Durante un’intervista concessa al Corriere della Sera, il vicepresidente del Consiglio superiore della Magistratura, Fabio Pinelli, ha affrontato nuovamente la questione dell’ingerenza dei giudici nelle competenze del Parlamento, sottolineando alcune criticità e punti importanti, ovvero:
- Il crescente onere dei magistrati nel risolvere molti conflitti interni alla società, con la perdita progressiva degli strumenti tradizionali di mediazione, quali partiti e sindacati;
- L’opportunità per l’Associazione Nazionale Magistrati di offrire un supporto tecnico e specialistico in merito alle leggi in fase di approvazione, senza però sovrapporsi alle prerogative del Parlamento;
- L’urgenza di un mutuo riconoscimento delle rispettive prerogative da parte di tutti gli organi statali, per prevenire una potenziale escalation del conflitto tra le sfere politica e giudiziaria, rispettando sia la volontà del popolo rappresentata dal Parlamento, sia l’autonomia e l’indipendenza dei magistrati.
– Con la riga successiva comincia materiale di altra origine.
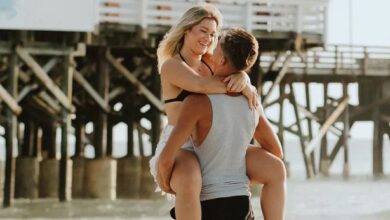 ≡ Filha de Gugu Liberato, Marina celebra quase 2 anos de namoro e beija namorado em ensaio 》 Her Beauty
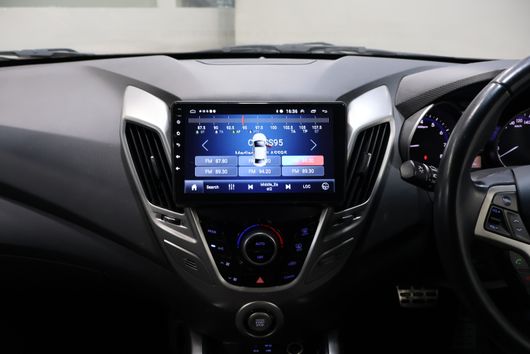 HYUNDAI VELOSTER – 2015 – KMHTC61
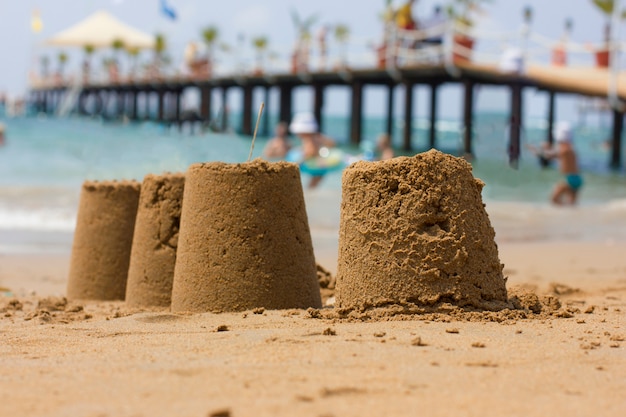 Castelo de areia na praia à beira-mar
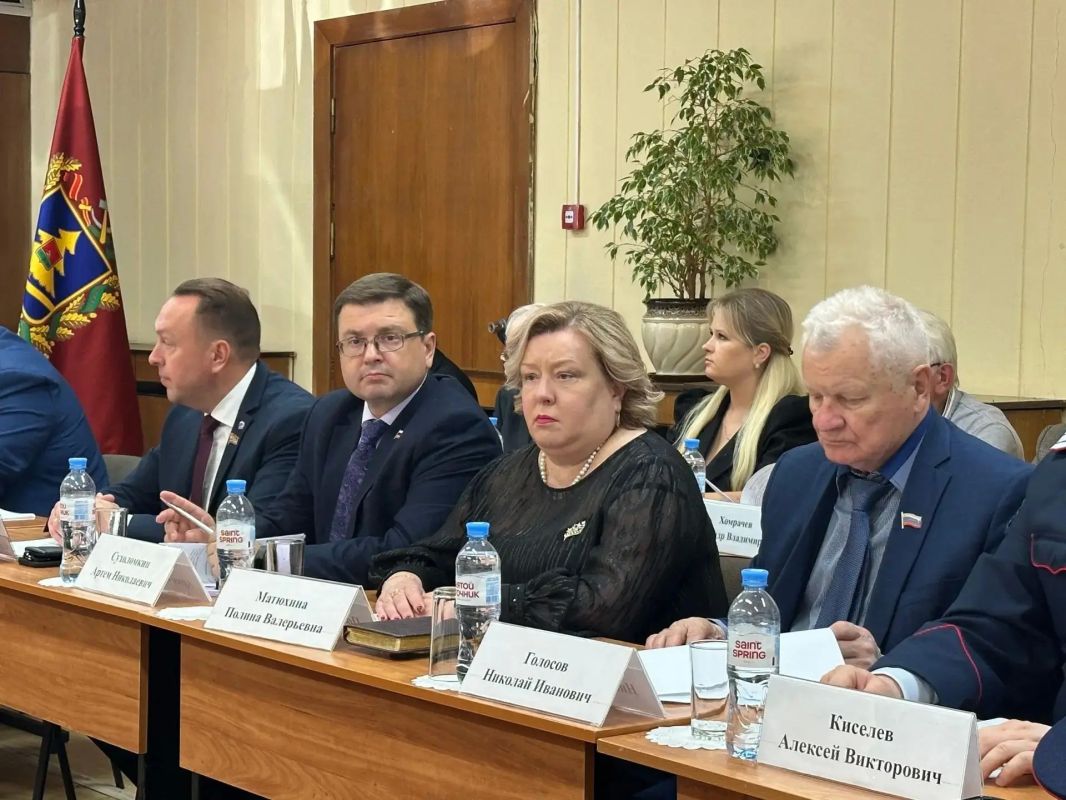 Подвиги казаков - героев СВО и роль Брянского казачества в становлении российской государственности стали главной темой круглого стола, который состоялся в Брянске 4 сентября Подвиги казаков - героев СВО и роль Брянского казачества в становлении российской государственности стали главной темой круглого стола, который состоялся в Брянске 4 сентября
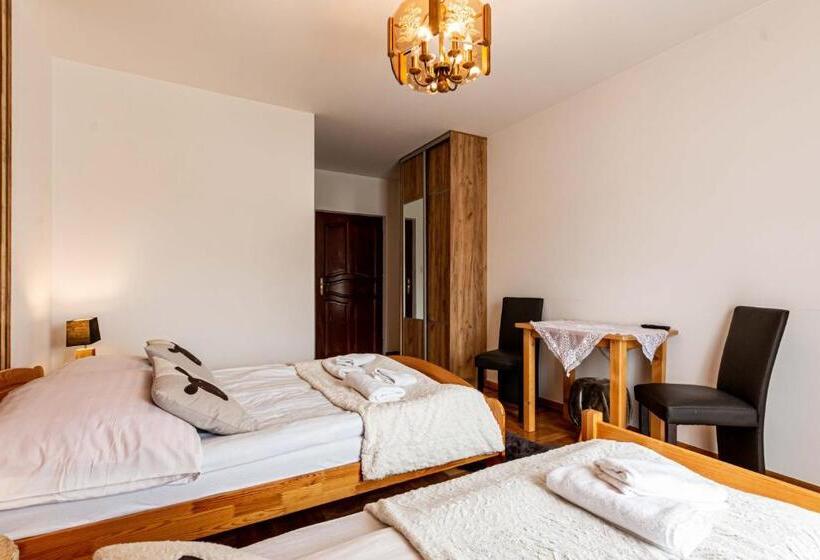 اتاق استاندارد سه تخته با بالکن, Gronik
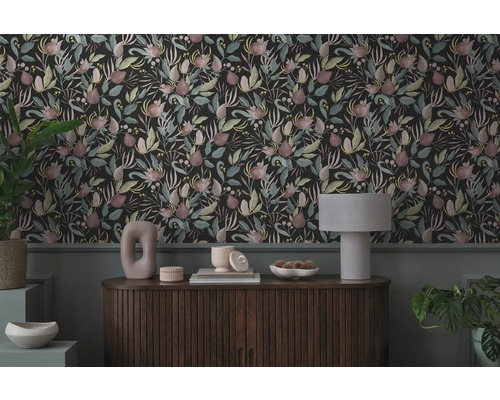 Decoratief behang met bloemmotief in een stijlvolle woonkamer
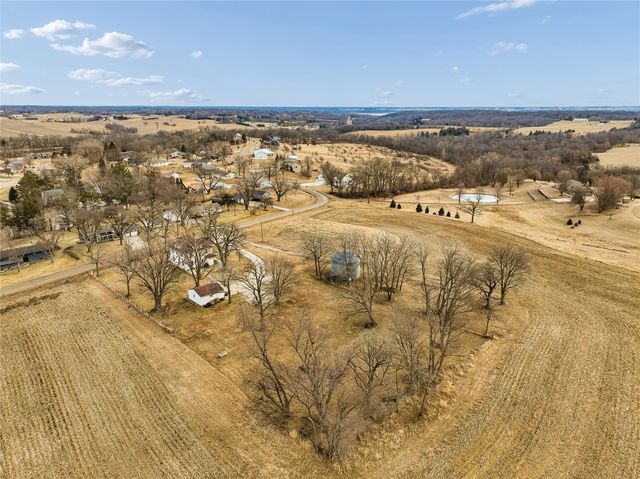 527 SW Swisher View Drive, Swisher, IA 52338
Questi argomenti mettono in luce la complessa dinamica tra la tutela giudiziaria dei diritti fondamentali e i diritti della politica in merito a questioni di grande rilevanza attuale, come l’immigrazione e le intercettazioni, senza tralasciare altri temi caldi come l’abuso d’ufficio e la separazione delle carriere. Il dibattito politico attuale oscilla tra due visioni contrastanti: una che rievoca un approccio ottocentesco, vedendo il giudice come un mero esecutore della legge, e un’altra che, in linea con le costituzioni contemporanee, lo considera un interprete chiamato a mettere in pratica i valori costituzionali.
La Costituzione italiana, tuttavia, delinea chiaramente le funzioni assegnate agli organi giudiziari e i compiti di altri organi statali dotati di diversi poteri. Tra l’altro, sottolinea l’art. 106, il nostro ordinamento prevede una magistratura professionale le cui decisioni devono essere comprensibili e non necessariamente sostenute dal consenso popolare.
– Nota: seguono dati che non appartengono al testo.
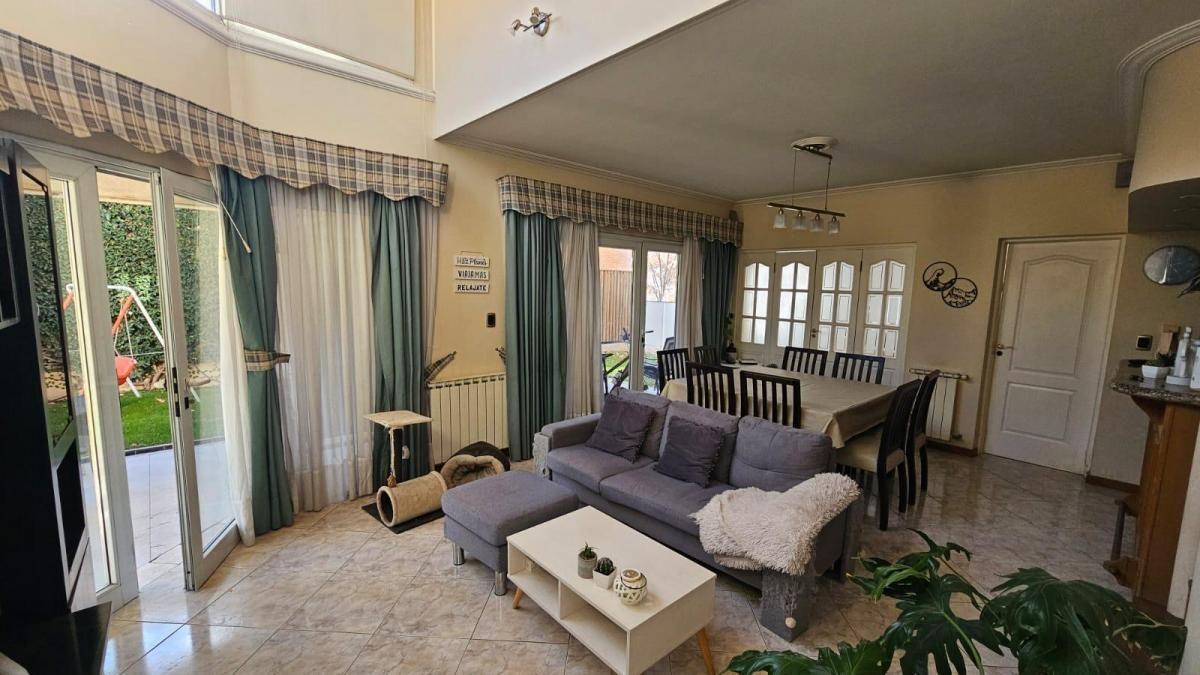 Foto de CASA EN VENTA EN EL BARRIO PALMARES, imagen 2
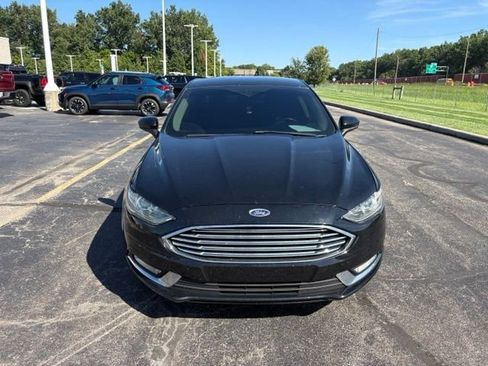 Used 2018 Ford Fusion SE w/ Equipment Group 201A FWD image 8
“Comprensibili”, che parola magica! Appunto, una magia che oggi (e non solo oggi) i giudici non riescono più a compiere.
In questo contesto, era atteso che la Corte di Cassazione assicurasse un’interpretazione uniforme della legge, promuovendo la prevedibilità e comprensibilità delle sentenze, un ruolo che a volte sembra essere trascurato. Un esempio è il linguaggio non sempre adeguato utilizzato in alcune decisioni giudiziarie, come nel caso del cittadino del Bangladesh accusato di violenza domestica. E alla fine pure assolto – con una senteza incomprensibile. Alla fine Pinelli sostiene che, mentre è fondamentale che la magistratura interpreti e applichi correttamente le norme, è altrettanto cruciale evitare un approccio giurisprudenziale che tenda a crearne di nuove o a disapplicarle, soprattutto in situazioni dove la normativa esistente non è chiara o definita.
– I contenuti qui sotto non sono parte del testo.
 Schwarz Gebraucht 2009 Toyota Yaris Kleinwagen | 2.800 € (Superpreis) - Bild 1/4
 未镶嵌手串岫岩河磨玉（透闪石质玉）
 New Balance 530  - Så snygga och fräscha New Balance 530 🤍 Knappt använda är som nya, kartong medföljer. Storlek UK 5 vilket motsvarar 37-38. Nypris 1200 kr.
Sarà per questo che i giudici hanno chiamato in causa (si fa per dire…!) l’Accademia della Crusca?
Il Consiglio di Stato e l’Accademia della Crusca insieme per un uso più appropriato della lingua italiana nelle sentenze. «Le decisioni del giudice devono essere comprensibili a tutti, grazie a una motivazione chiara e un linguaggio appropriato. Il giudice non deve persuadere, ma dare conto della propria decisione, per questo profili processuali e forme di linguaggio devono stare insieme nella redazione della sentenza, che è la ragion d’essere del giudice», lo hanno sottolineato il Presidente del Consiglio di Stato, Filippo Patroni Griffi, e il Presidente dell’Accademia della Crusca ,Claudio Marazzini, sottoscrivendo l’accordo di collaborazione.
Sì, i limiti del linguaggio rispecchiano i limiti della nostra conoscenza – lo insegna Wittgenstein. Ma quando c’è di mezzo la vita delle persone, la chiarezza, la comprensibilità diventano un imperativo morale, direbbe Kant. Ma siamo sempre nel regno della filosofia. Reati, delitti, vittime hanno bisogno di giustizia – cioè di chiarezza.